* DATA LISTING:
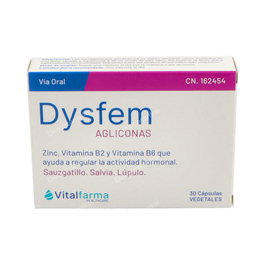 VITALFARMA Dysfem 30 Cápsulas - Complemento alimenticio para regular actividad hormonal con Isoflavonas de Soja, Zinc y Vitamina B6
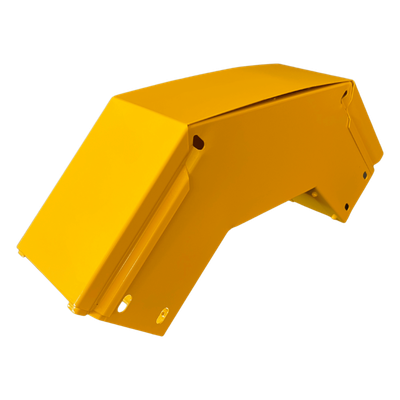 Curva Vertical Exterior / 90° / Aluminio 4\" x 4\" / Radio 8\" / Epóxico Amarillo / IP para Exteriores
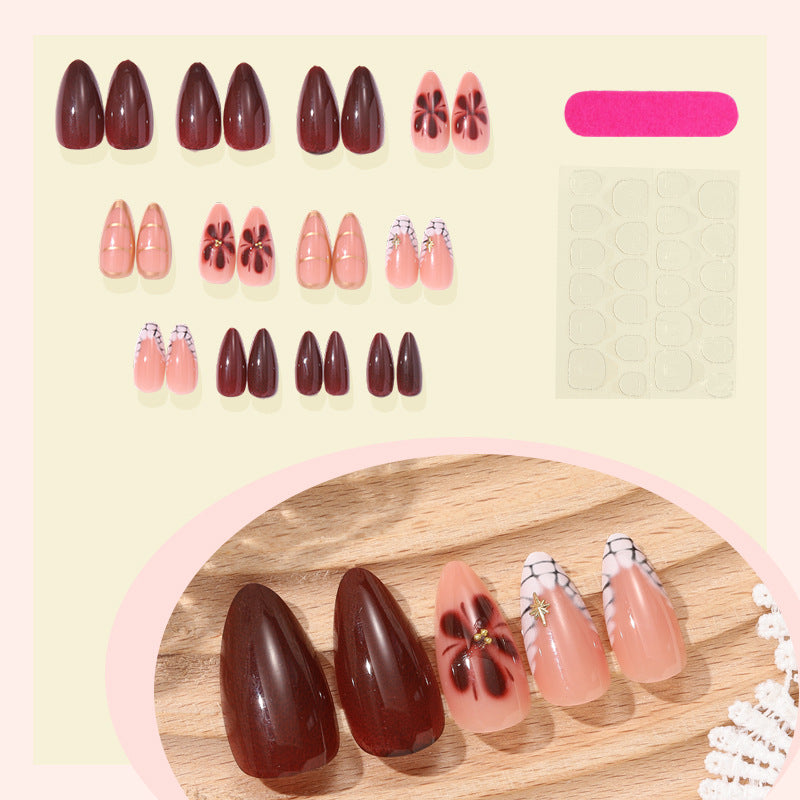 Decorative Floral Press-On Nail Art Set Bowlift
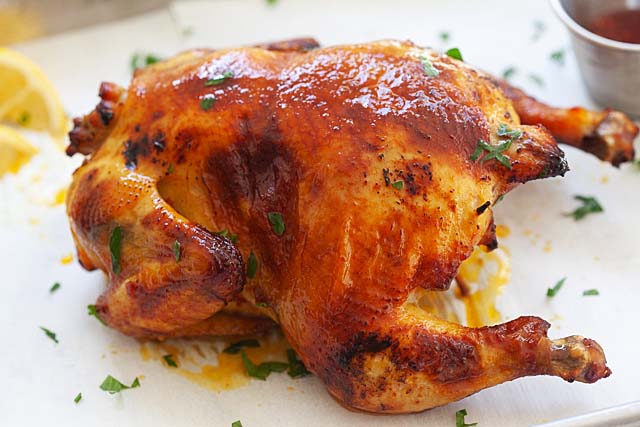 Perfectly roasted and baked cornish game hen.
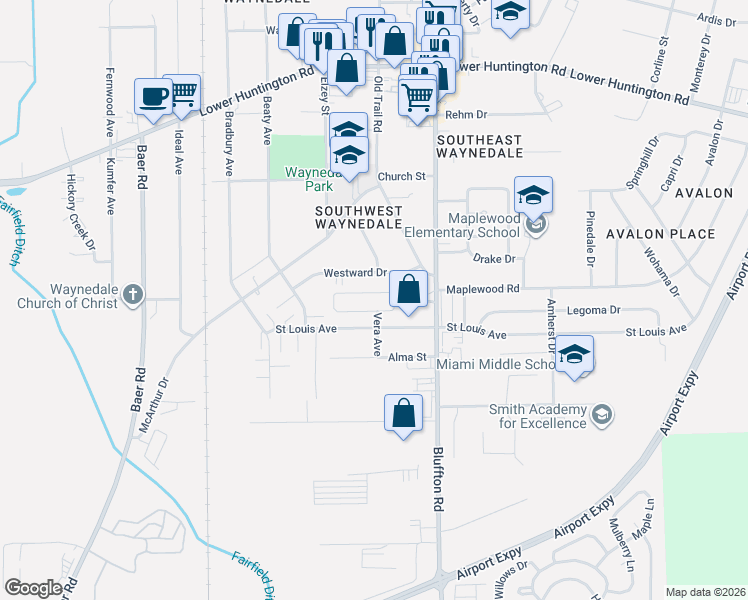 map of restaurants, bars, coffee shops, grocery stores, and more near 2621 Boardwalk Circle in Fort Wayne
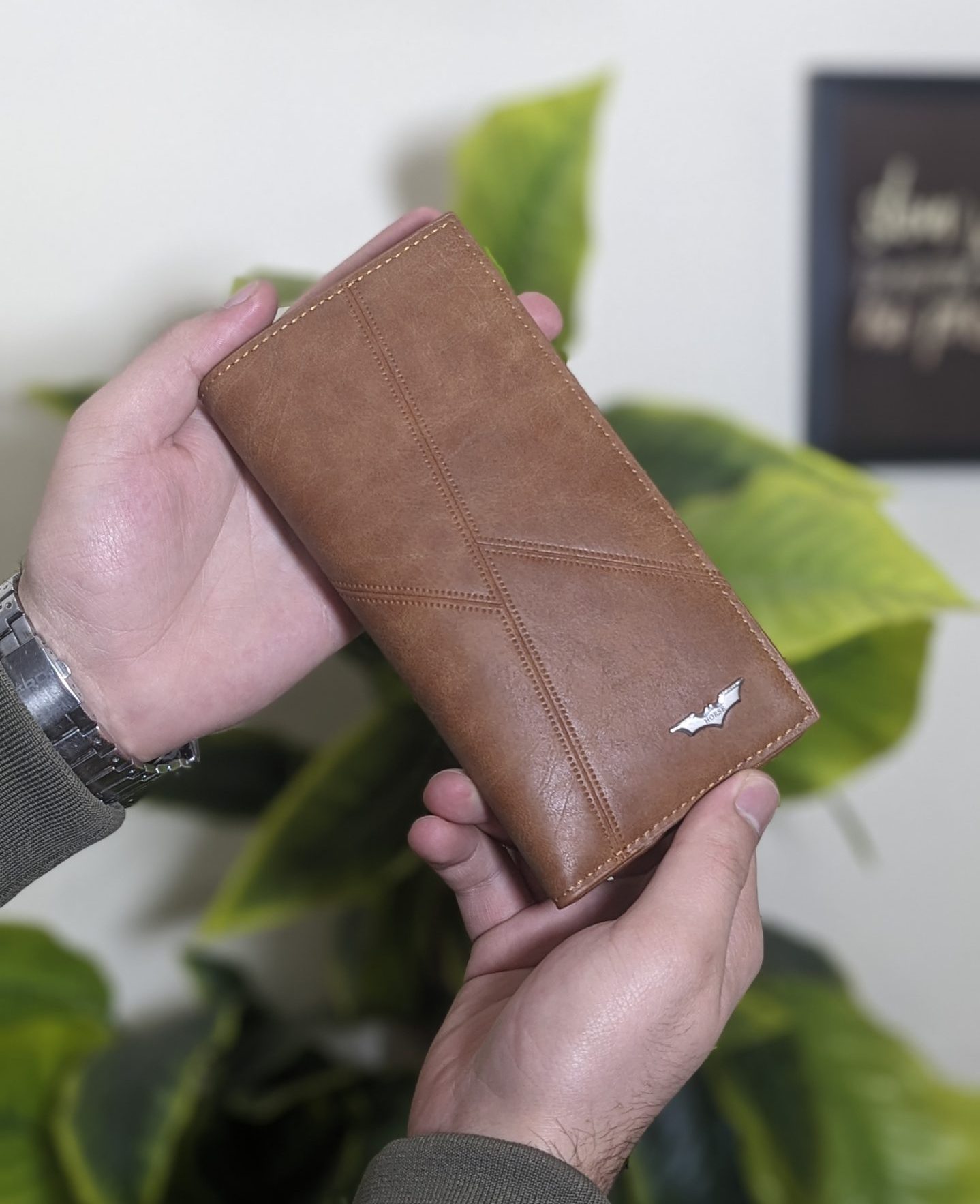Premium Brown Leather Long Wallet for Men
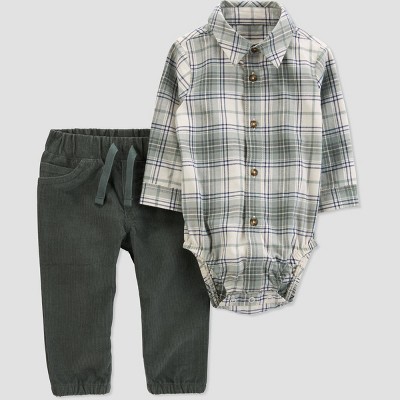 Carter's Just One You® Baby Boys' Colorblock Top & Bottom Set - Gray/green  : Target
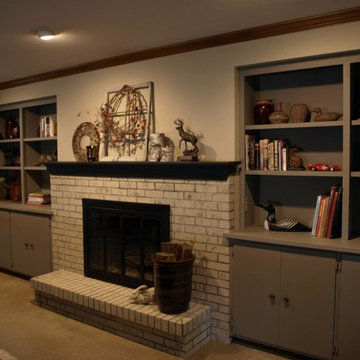 Chalk Paint® brick fireplace and built-ins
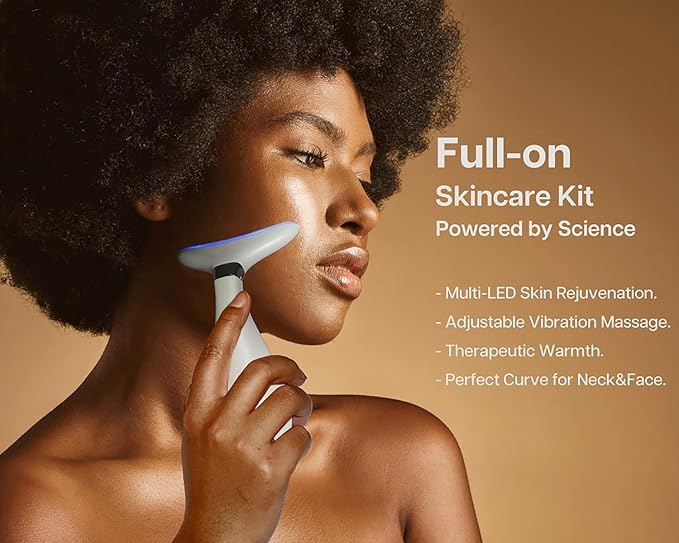 VRAIKO Lily Neck Face Massager, Face Sculpting Tool, Skin Rejuvenation Device with Thermal, Triple Action LED and Vibration, for Anti-Aging, Lifting and Tightening Sagging Skin (Pearl White)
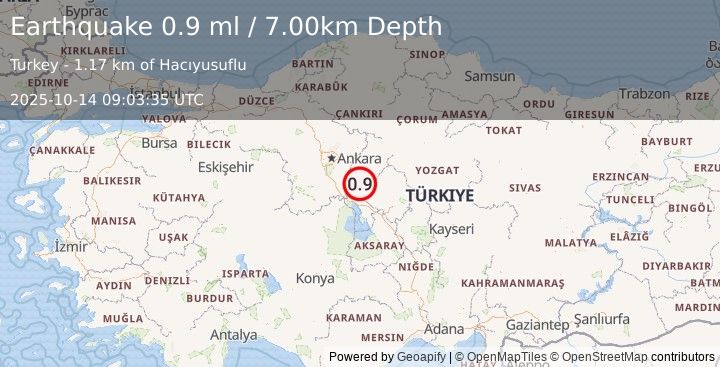 Earthquake CENTRAL TURKEY (0.9 ml) (2025-10-14 09:03:35 UTC)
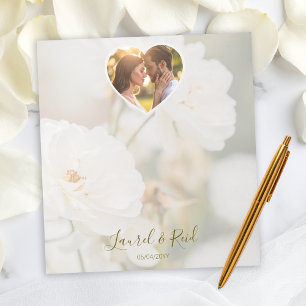 Dreamy White Rose And Heart Photo Template Wedding Notepad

* EXERCISE OBJECTIVE: Without the pictures, copy the material exactly as given.

* SOLUTION TO THIS EXERCISE:
 VITALFARMA Dysfem 30 Cápsulas - Complemento alimenticio para regular actividad hormonal con Isoflavonas de Soja, Zinc y Vitamina B6
 Curva Vertical Exterior / 90° / Aluminio 4\" x 4\" / Radio 8\" / Epóxico Amarillo / IP para Exteriores
 Decorative Floral Press-On Nail Art Set Bowlift
 Perfectly roasted and baked cornish game hen.
 map of restaurants, bars, coffee shops, grocery stores, and more near 2621 Boardwalk Circle in Fort Wayne
Premium Brown Leather Long Wallet for Men
 Carter's Just One You® Baby Boys' Colorblock Top & Bottom Set - Gray/green  : Target
 Chalk Paint® brick fireplace and built-ins
 VRAIKO Lily Neck Face Massager, Face Sculpting Tool, Skin Rejuvenation Device with Thermal, Triple Action LED and Vibration, for Anti-Aging, Lifting and Tightening Sagging Skin (Pearl White)
 Earthquake CENTRAL TURKEY (0.9 ml) (2025-10-14 09:03:35 UTC)
 Dreamy White Rose And Heart Photo Template Wedding Notepad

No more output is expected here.